* Task *
When you restate the data, keep every word as it is and drop the images.

* Given data *

--- START ---

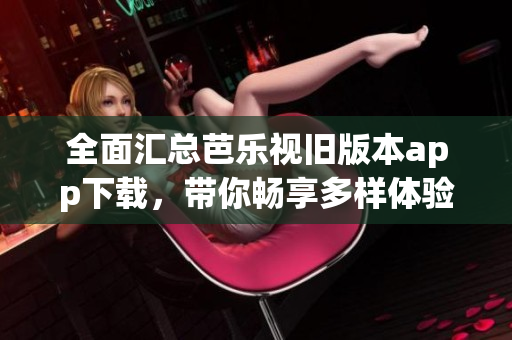 全面汇总芭乐视旧版本app下载，带你畅享多样体验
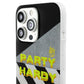 Party Hardy Phone Case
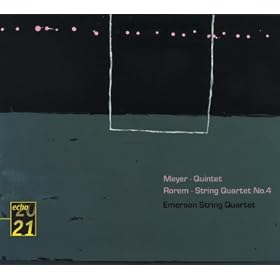 Meyer: Quintet . Rorem: Quartet No.4 - Emerson String Quartet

--- END ---

* Result of the task *
 全面汇总芭乐视旧版本app下载，带你畅享多样体验
 Party Hardy Phone Case
 Meyer: Quintet . Rorem: Quartet No.4 - Emerson String Quartet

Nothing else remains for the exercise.